◆ Record set
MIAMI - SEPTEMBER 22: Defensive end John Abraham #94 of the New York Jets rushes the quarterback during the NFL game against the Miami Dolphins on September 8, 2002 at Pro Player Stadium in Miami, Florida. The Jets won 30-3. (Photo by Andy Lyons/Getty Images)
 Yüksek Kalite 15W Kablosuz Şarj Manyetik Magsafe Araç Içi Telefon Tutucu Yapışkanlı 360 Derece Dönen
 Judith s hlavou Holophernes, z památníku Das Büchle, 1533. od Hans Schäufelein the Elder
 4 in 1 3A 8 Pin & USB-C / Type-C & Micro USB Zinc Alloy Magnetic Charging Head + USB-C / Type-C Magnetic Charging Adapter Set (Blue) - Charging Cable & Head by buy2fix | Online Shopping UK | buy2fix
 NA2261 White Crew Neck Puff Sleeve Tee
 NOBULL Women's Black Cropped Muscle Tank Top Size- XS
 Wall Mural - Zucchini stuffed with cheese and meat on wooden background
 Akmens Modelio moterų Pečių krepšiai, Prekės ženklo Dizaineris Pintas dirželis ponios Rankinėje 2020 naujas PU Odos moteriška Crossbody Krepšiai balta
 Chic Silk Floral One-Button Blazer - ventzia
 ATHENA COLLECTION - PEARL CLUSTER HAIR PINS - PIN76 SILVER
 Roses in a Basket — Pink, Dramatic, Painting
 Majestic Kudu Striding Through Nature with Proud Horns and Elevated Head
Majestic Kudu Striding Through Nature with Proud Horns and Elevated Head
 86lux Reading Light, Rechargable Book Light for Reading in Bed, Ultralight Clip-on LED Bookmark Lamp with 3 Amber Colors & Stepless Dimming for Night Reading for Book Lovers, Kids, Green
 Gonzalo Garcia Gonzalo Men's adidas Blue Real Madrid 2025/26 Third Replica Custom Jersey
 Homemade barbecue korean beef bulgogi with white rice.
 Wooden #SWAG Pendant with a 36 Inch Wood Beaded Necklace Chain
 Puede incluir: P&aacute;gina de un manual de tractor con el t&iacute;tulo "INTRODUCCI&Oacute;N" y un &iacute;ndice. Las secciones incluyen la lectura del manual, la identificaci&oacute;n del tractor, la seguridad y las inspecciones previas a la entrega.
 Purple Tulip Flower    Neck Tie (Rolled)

◆ Problem to work on
Copy the lines from the start of the data verbatim, stopping after the line containing "Wall Mural - Zucchini".

◆ Exercise output
MIAMI - SEPTEMBER 22: Defensive end John Abraham #94 of the New York Jets rushes the quarterback during the NFL game against the Miami Dolphins on September 8, 2002 at Pro Player Stadium in Miami, Florida. The Jets won 30-3. (Photo by Andy Lyons/Getty Images)
 Yüksek Kalite 15W Kablosuz Şarj Manyetik Magsafe Araç Içi Telefon Tutucu Yapışkanlı 360 Derece Dönen
 Judith s hlavou Holophernes, z památníku Das Büchle, 1533. od Hans Schäufelein the Elder
 4 in 1 3A 8 Pin & USB-C / Type-C & Micro USB Zinc Alloy Magnetic Charging Head + USB-C / Type-C Magnetic Charging Adapter Set (Blue) - Charging Cable & Head by buy2fix | Online Shopping UK | buy2fix
 NA2261 White Crew Neck Puff Sleeve Tee
 NOBULL Women's Black Cropped Muscle Tank Top Size- XS
 Wall Mural - Zucchini stuffed with cheese and meat on wooden background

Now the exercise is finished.